The employment of the fearful agency of the witches in swaying the destinies of those whom they fascinated, and after destroyed, has been resorted to by Shakespeare but once in the course of his numerous productions; and with that sublime effort he (as usual) preoccupied and exhausted his subject. The statement respecting Middleton's drama of the "Witch," asserted, and for some time believed to be the precursor of "Macbeth," has been proved to be a chronological error. Had it been otherwise, however, the merit of originality must still have been awarded to Shakespeare, for his treatment of the weird creations, who are totally distinct beings from the squalid, ribald hags of the other poets.

One of the grandest images out of the thousand that are to be quoted from this play is the exclamation made by Banquo

to Macbeth, upon the vanishing of those beings at their first interview with them on the heath. In astonishment, he exclaims :

"The earth hath bubbles as the water has,

And these are of them: whither are they vanish'd?

"Macb. Into the air; and what seem'd corporal melted As breath into the wind."

Nothing can surpass this for vividness and intensity of description. Had the poet himself witnessed the scene, he could have made no more of the event; and this is the prerogative of imagination, to "give to airy nothing a local habitation"an absolute identity.

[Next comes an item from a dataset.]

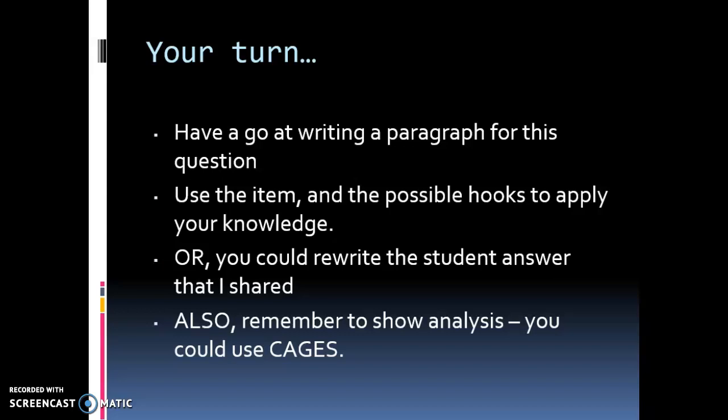So your turn — have a go at writing a paragraph for this question. Use the item, the possible hooks, and apply your knowledge. Or you could go back to where I show you the student answer and have a go at improving it. Also make sure that you refer to analysis using CAGES. If you're not sure about how to analyse in Family and Household, I've got another video called 'A Star Sociology: How to Analyse in Family and Household, Paper 2.' The link is below, and if you jump to five minutes in, that's where I look at analysis in the childhood topic specifically.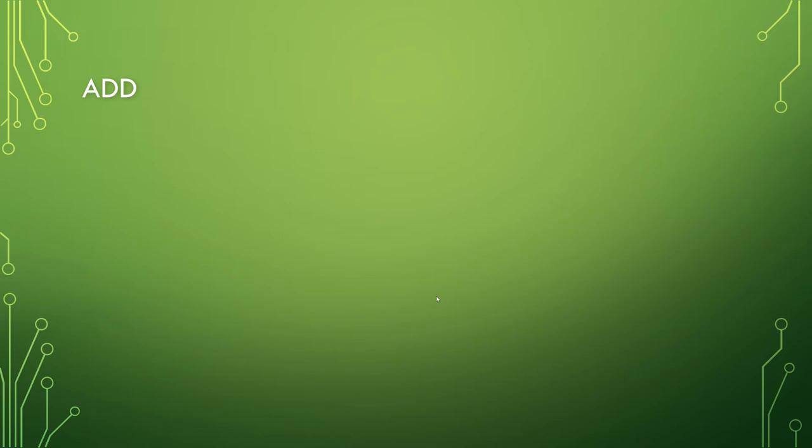So if we're adding to the heap, let's say we have a 10, you want to add on an 8, that can be added as a child just fine. Add on a 5, again that can be added as a child just fine.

It has been objected to the incantation scenes in Macbeth, that the subjects and language in them are revolting. They are so; nothing, however, can be more irrational than to take exception against them on that score. The witches are an impersonation of those qualities which are antagonist to all that is gentle, and lovely, and peaceful, and good. They are loathsome abstractions of the "evil principle," and are the precursors, as well as providers of all the stormy passions that shake this poor citadel of man. They represent the repulsive as well as the cruel propensities of our nature; every one, therefore, who is a slave to his lower passions, is spellbound by the "weird sisters ;" and this, I have little doubt, was the moral that Shakespeare intended to read to his brother mortals: for, we should bear in mind that Macbeth was, by nature, an honourable and even generous man; but as he was unable to withstand the impulse of an unworthy ambition, and could not resist the sneers of his uncompromising partner, he rushed into that bottomless hell of torment -a guilty and an upbraiding conscience. What can be more affecting than his self-reproaches after he has made his first step in the blood of a fellow-creature? That dreadful voice

ringing in his ears-"Still it cried, Sleep no more! to all the house." His piteous anguish to his help-meet in crime— "Oh, full of scorpions is my mind, dear wife!" Then his envy of his victims:

"Duncan is in his grave;

After life's fitful fever he sleeps well."

And next, his bitter regret for his lost good name, and its attendant peace of mind :—

"I have liv'd long enough: my way of life
Is fall'n into the sear, the yellow leaf:
And that which should accompany old age,
As honour, love, obedience, troops of friends,
I must not look to have; but in their stead
Curses, not loud, but deep, mouth-honour, breath,

Which the poor heart would fain deny, and dare not."

And lastly, as the climax of horror, when he has become stupefied with the pressure of remorse, calamity, and despair, he enquires "What is that cry?" and adds:

"I have almost forgot the taste of fears:

The time has been, my senses would have cool'd

To hear a night-shriek; and my fell of hair

Would at a dismal treatise rouse and stir

As life were in't. I have supp'd full with horrors:
Direness familiar to my slaughterous thoughts
Cannot once start me."

A more terrific picture of a mind recoiling on itself, and effecting its own retribution, who shall quote? Oh, let the over-zealous purist, when he proceeds to question the morality of Shakespeare, turn to and reflect upon the homily he has preached against cupidity, injustice, and cruelty, in the most unhappy career of Macbeth.